The newly revealed Europe-bound Toyota Land Cruiser 250-Series retains the beefy appeal of its predecessors, albeit with a retro twist, and seems to have garnered positive reactions from enthusiasts. But how will it age in an era of increasingly strict emissions and electric cars?
As of now, Toyota has no immediate plans of introducing plug-in hybrid (PHEV) or fully electric (BEV) versions of the retro-styled SUV. Even though its turbocharged 2.4-litre engine will be paired with a 48-bhp electric motor (housed within the eight-speed transmission), it’s safe to assume that the e-motor will have a diminutive impact on emissions. The Land Cruiser will likely remain a gas-guzzler.

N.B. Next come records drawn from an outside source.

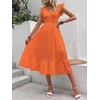image:imagechouyatou Womens Summer Flutter Sleeve Embroidery Eyelet Lace Dress VNeck ALine Beach Sun DressOrange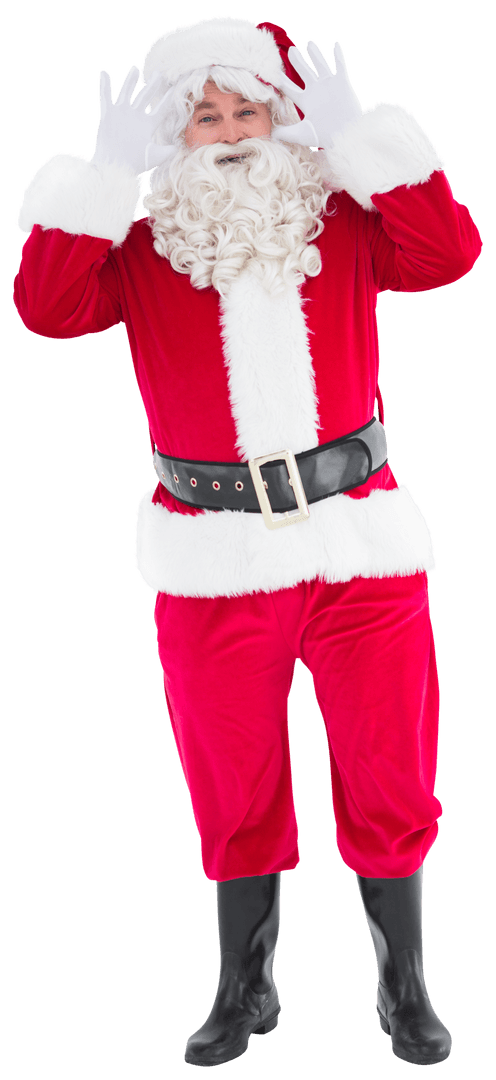 Transparent Santa Claus Joyfully Posing with Open Arms
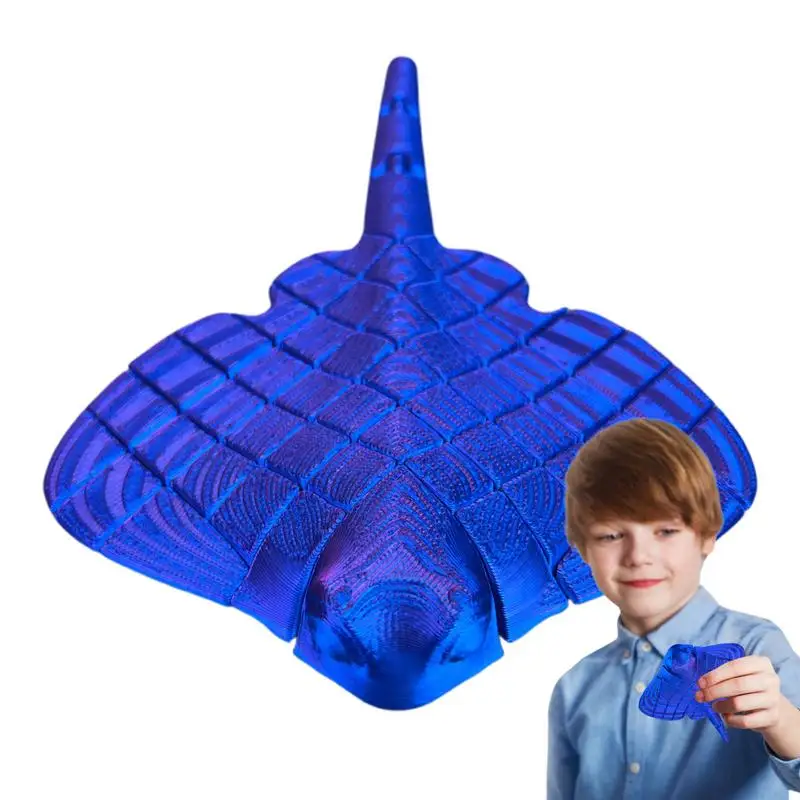 3D Printed Aquatic Animals Flexible Articulated Ray Desktop Decoration For Home Stress Relief Toys Sea Creature Toy For Adults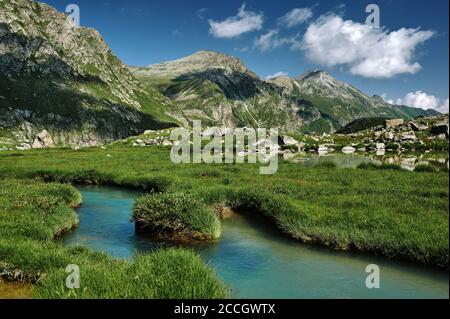 Maestoso paesaggio montano con fiume blu profondo in verde valle erbosa. Bella natura selvaggia Foto Stock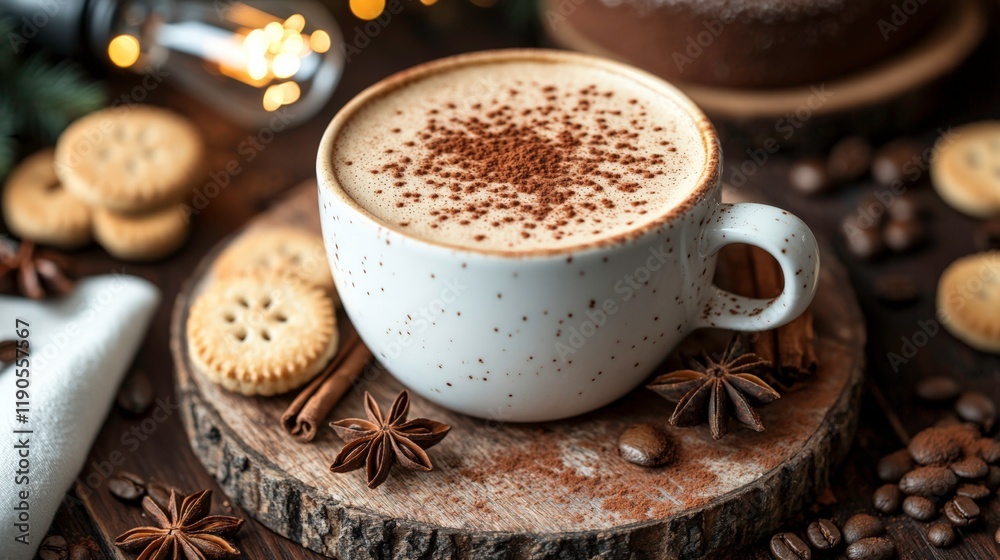 wo White Coffee Cups with Yellow Floral Patterns on a Snow-Dusted Wooden Table, Sunlit with Blooming White Flowers in a Sparkling Background wo White Coffee Cups with Yellow Floral Patterns on a Snow-Dusted Wooden Table, Sunlit with Blooming White Flowers in a Sparkling Background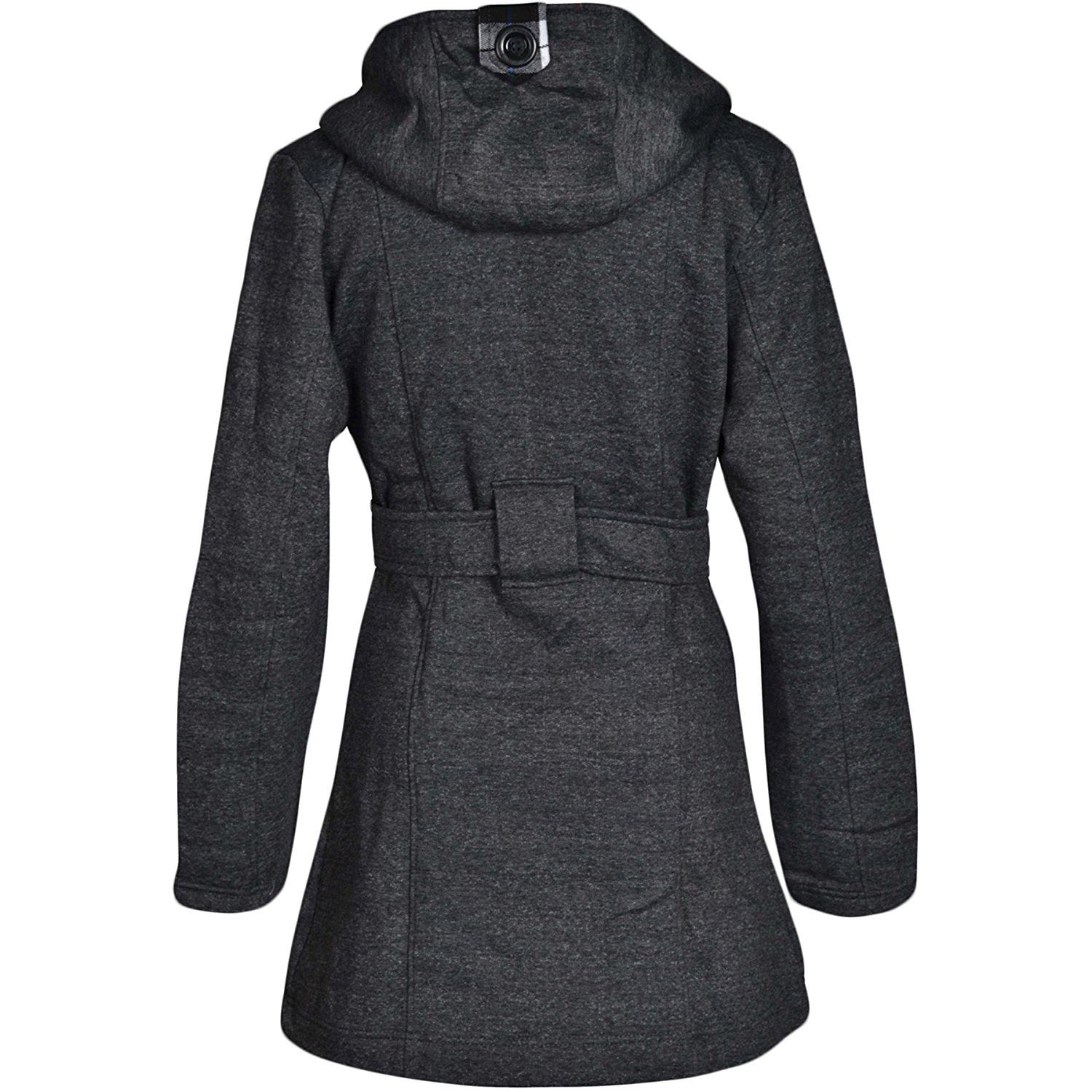 Damen Kapuze Knopfmantel kariert Damenjacke Vliesgürtel Kapuze Größe UK8-14 - Bild 18 von 35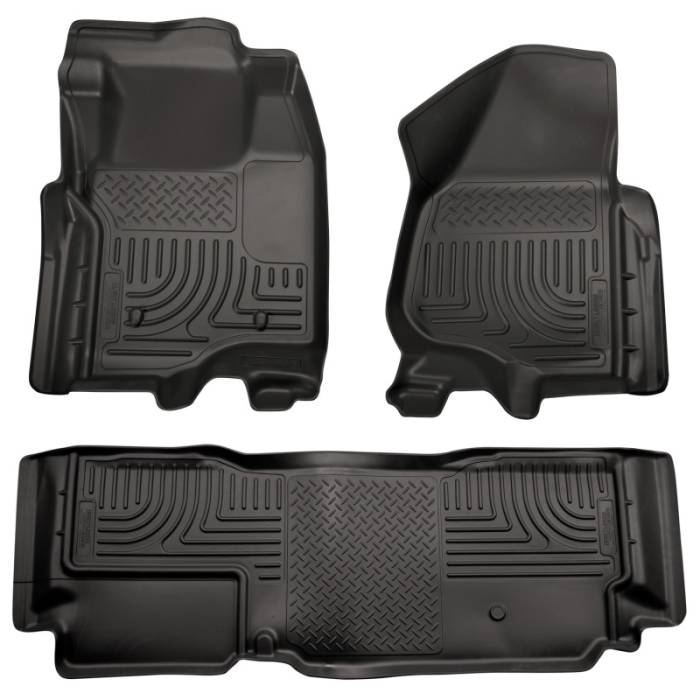 Husky Liners - Husky Liners 11-12 Ford SD Super Cab WeatherBeater Combo Black Floor Liners (w/o Manual Trans Case) 98721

But Toyota is considering PHEV, fuel-cell, or an all-electric version of the iconic SUV, as per a new Automotive News report. Incorporating any of the alternative propulsion systems into the TNGA-F platform would have pros and cons, said the vehicle’s chief engineer Keita Moritsu. Although Toyota engineers have reportedly started brainstorming future electrified variants, as per the report.

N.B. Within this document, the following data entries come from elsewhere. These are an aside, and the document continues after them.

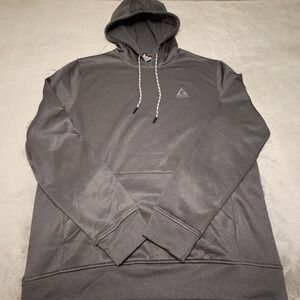 Gerry Mens Hoodie Size Medium Gray Pullover Fleece Embroidery Logo Drawstring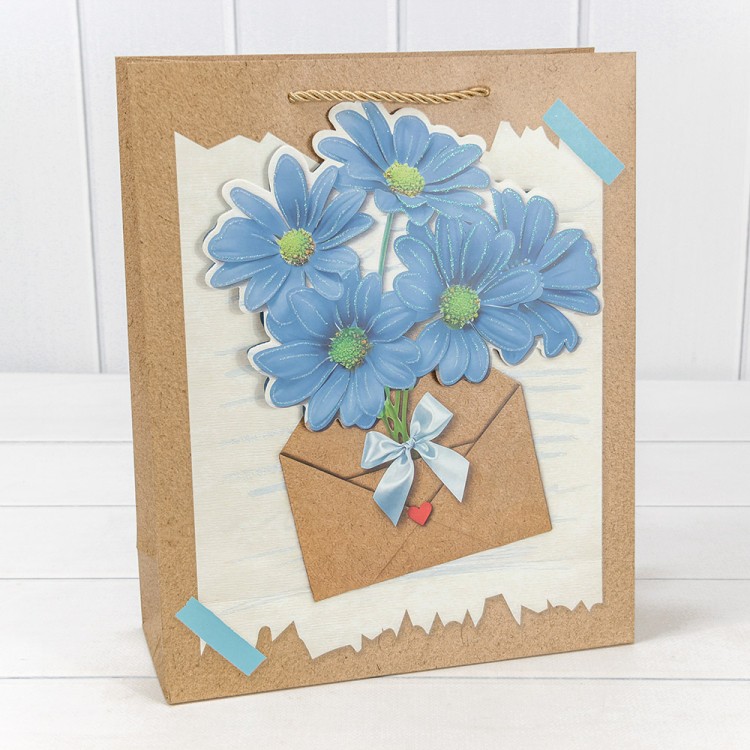 000115C Пакет подарочный с 3D аппликацией "Цветы" (микс115) 26*32*10 210г 1/20 1/80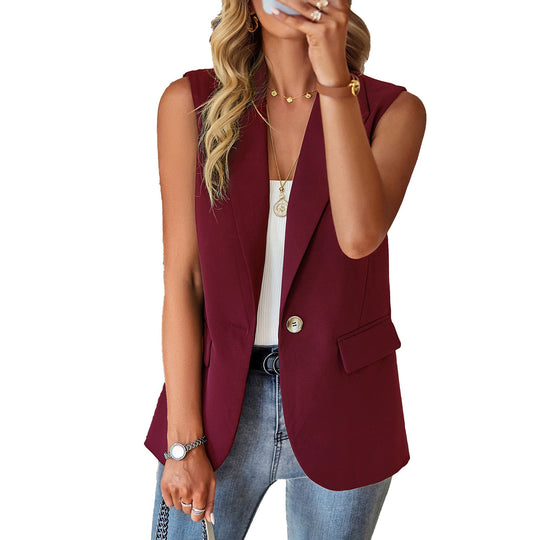 Damen ärmelloses Blazer-Oberteil mit taillierter Silhouette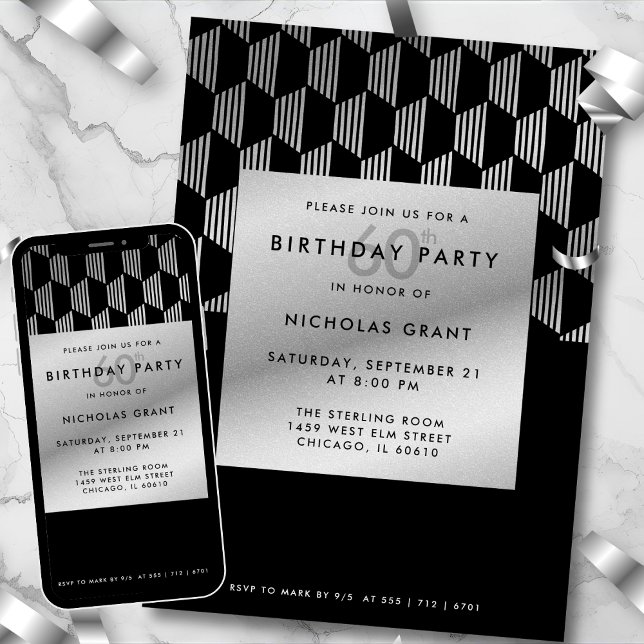 Invitación Cumpleaños 60 Moderno Negro con Hojuela de Plata F (Subido por el creador)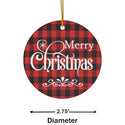 Merry Christmas Red Plaid Ceramic Ornament by Nature's Glow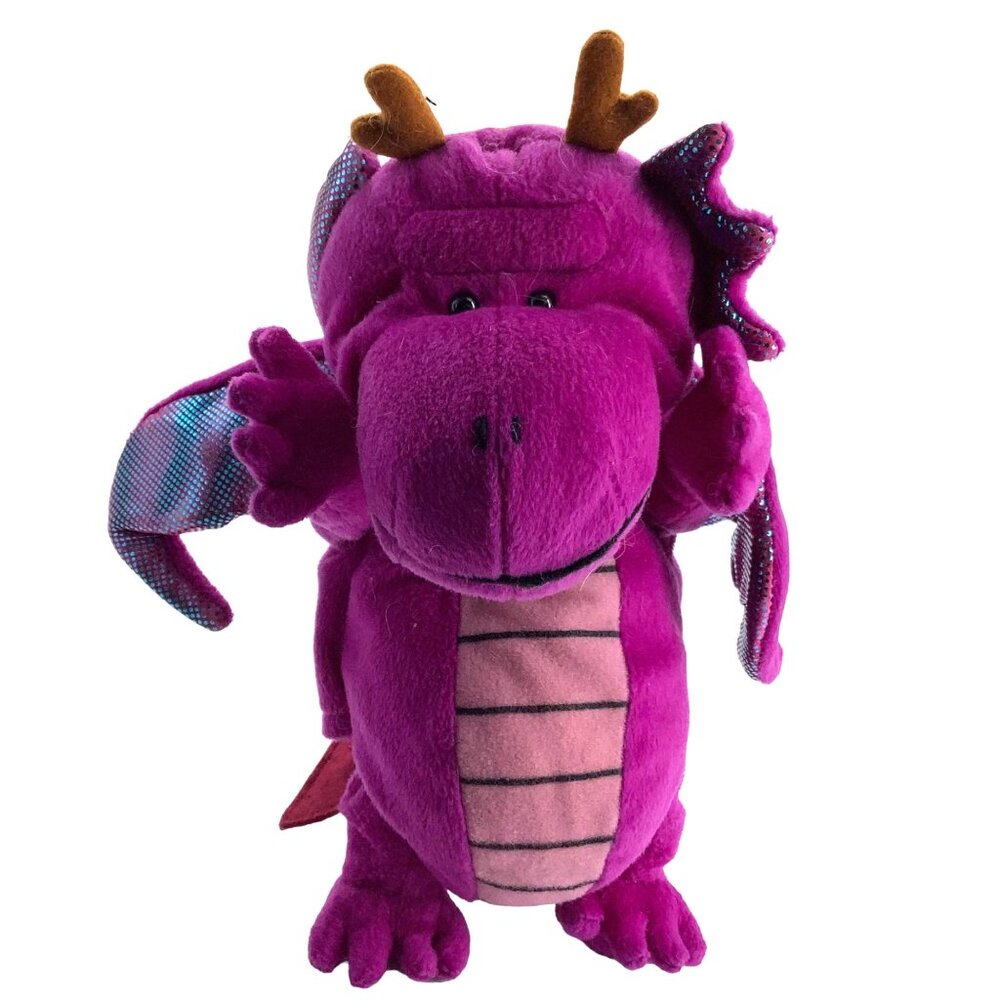 Royal Dragon Hand Puppet Purple Plush Stuffed Animal Doll Toy 10" Purple Pink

The capabilities of a fuel-cell version would be ideal for long-range driving and towing, but limited infrastructure could hinder its wider adoption, said Moritsu. If anyone can master a fuel-cell EV, it's Toyota, as the brand was among the first automakers to introduce the technology, for which it owns over 5000 patents. Toyota deemed the patents so important that it opened up the technology for royalty-free use until the end of 2020.

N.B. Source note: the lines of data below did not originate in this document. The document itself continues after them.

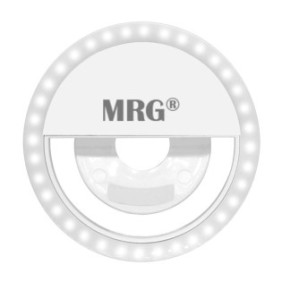 Torcia ad anello per selfie MRG M-429, ricaricabile, per telefono, bianca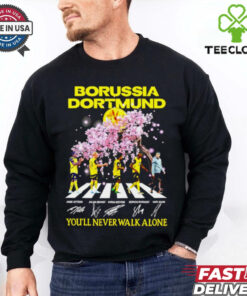 Borussia Dortmund you’ll never walk alone Abbey Road peach blossom signature shirt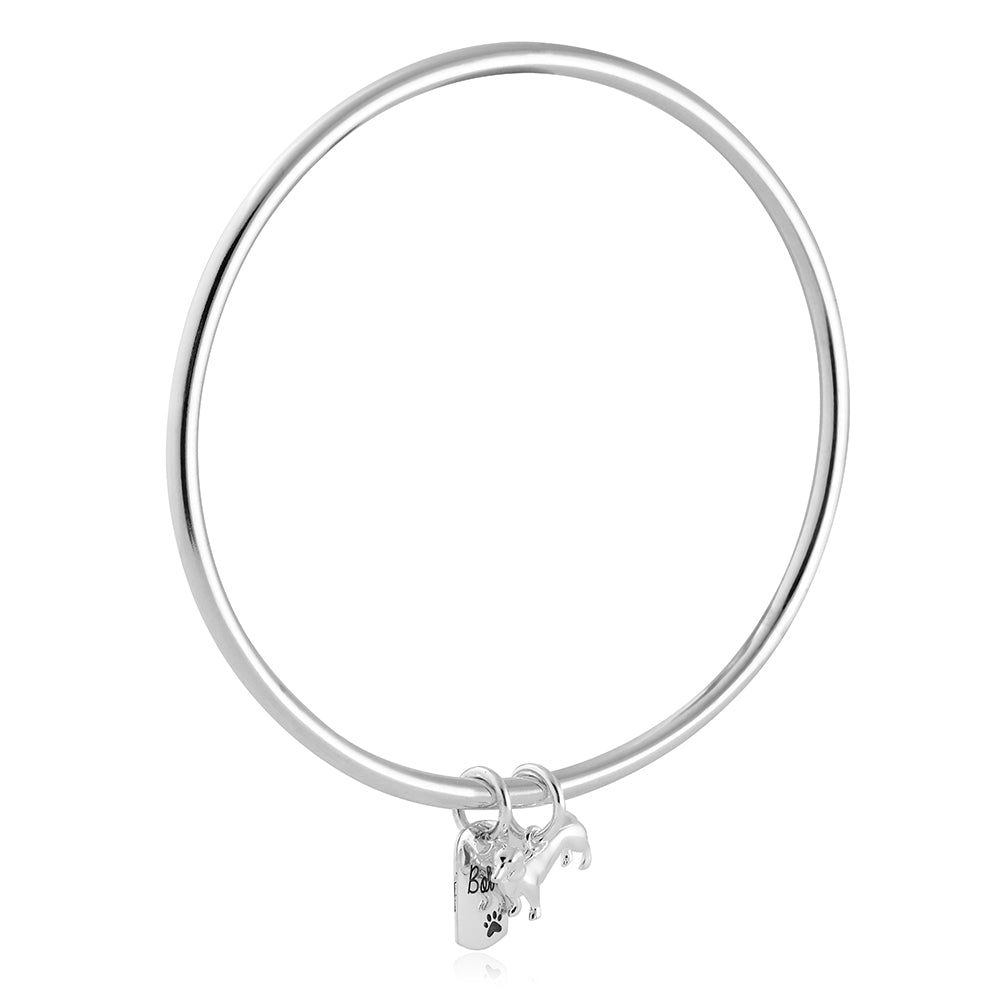 personalised sausage dog dachshund silver charm bangle sterling silver made in UK Scarlett Jewellery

Moreover, the ladder frame platform isn’t designed to accommodate hybrid and fully electric powertrains and will have to be modified should Toyota choose to go green with the Land Cruiser. The brand's existing EVs like the bZ4X and the Lexus RZ use tweaked versions of the TNGA. Although Toyota CEO Koji Sato outlined three steps for a successful transition to EVs in April 2023, which included a purpose-built EV platform.
But the questions remain: Would the Land Cruiser incorporate a modified TNGA platform, or would the upcoming BEV-only architecture be scalable enough for the SUV?
Many consider Toyota a laggard in the EV race. But the Japanese automaker has recently mounted a multi-front effort to plug the gap to rivals. The brand plans to launch 10 new EVs by 2026, including a three-row full-size electric SUV that will be manufactured at its Georgetown, Kentucky plant. It has also claimed a breakthrough in solid-state battery technology – a pack with 745 miles of range could be in the pipeline.